Begin at the line containing "Woman with short" and restate it and each line after it exactly, up to and including the last line below. Leave pictures out.

** EXERCISE DATA follows **

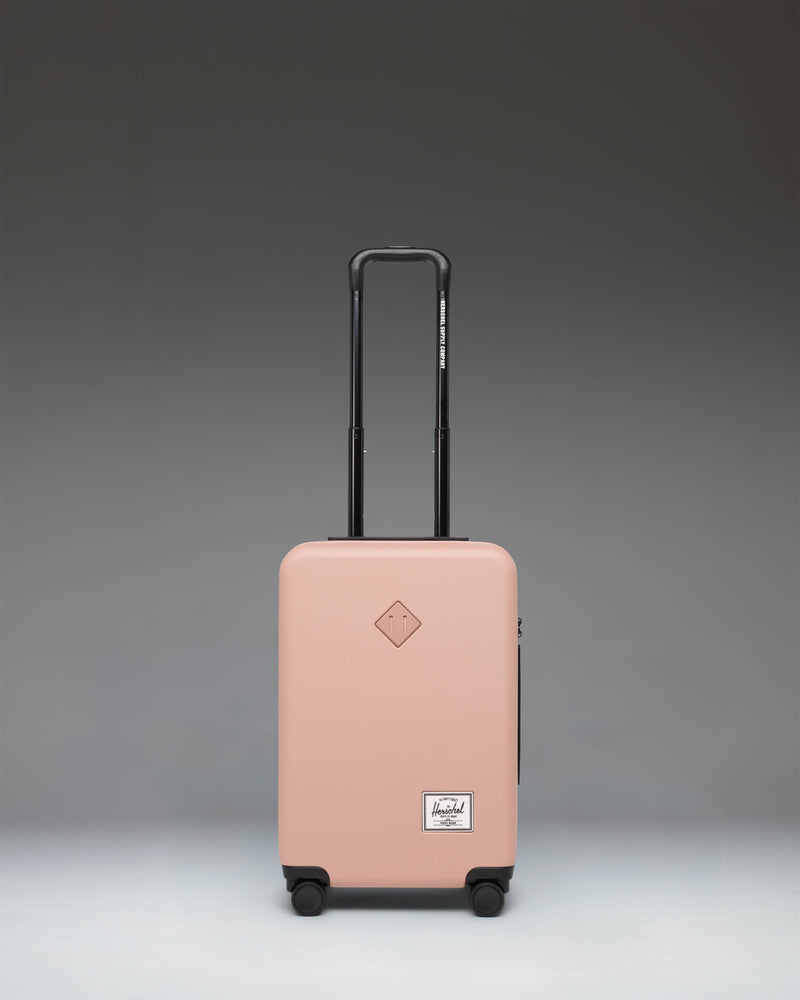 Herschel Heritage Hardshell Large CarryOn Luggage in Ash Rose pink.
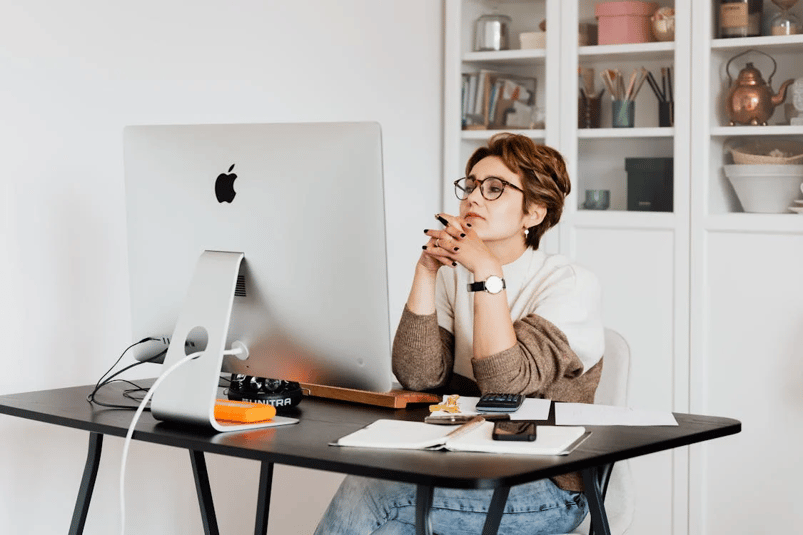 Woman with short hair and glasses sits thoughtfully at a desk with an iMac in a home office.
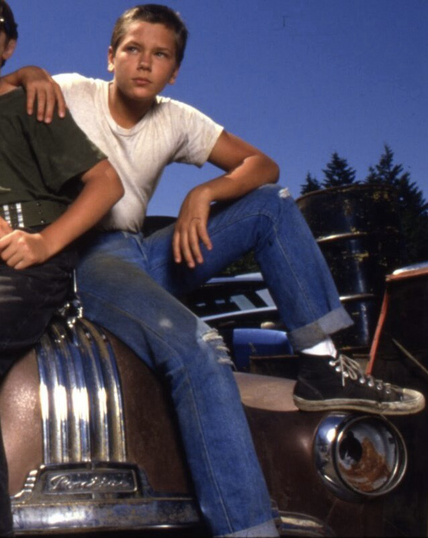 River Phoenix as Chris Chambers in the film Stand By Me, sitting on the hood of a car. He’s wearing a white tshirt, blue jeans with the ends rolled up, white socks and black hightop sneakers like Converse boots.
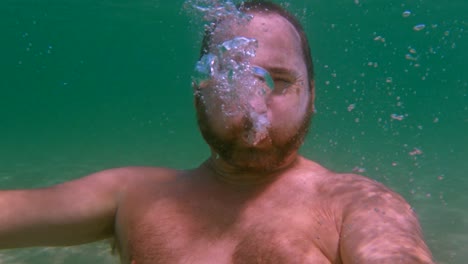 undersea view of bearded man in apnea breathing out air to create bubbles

** End of EXERCISE DATA **

** RESULT OF THIS EXERCISE **
 Woman with short hair and glasses sits thoughtfully at a desk with an iMac in a home office.
 River Phoenix as Chris Chambers in the film Stand By Me, sitting on the hood of a car. He’s wearing a white tshirt, blue jeans with the ends rolled up, white socks and black hightop sneakers like Converse boots.
 undersea view of bearded man in apnea breathing out air to create bubbles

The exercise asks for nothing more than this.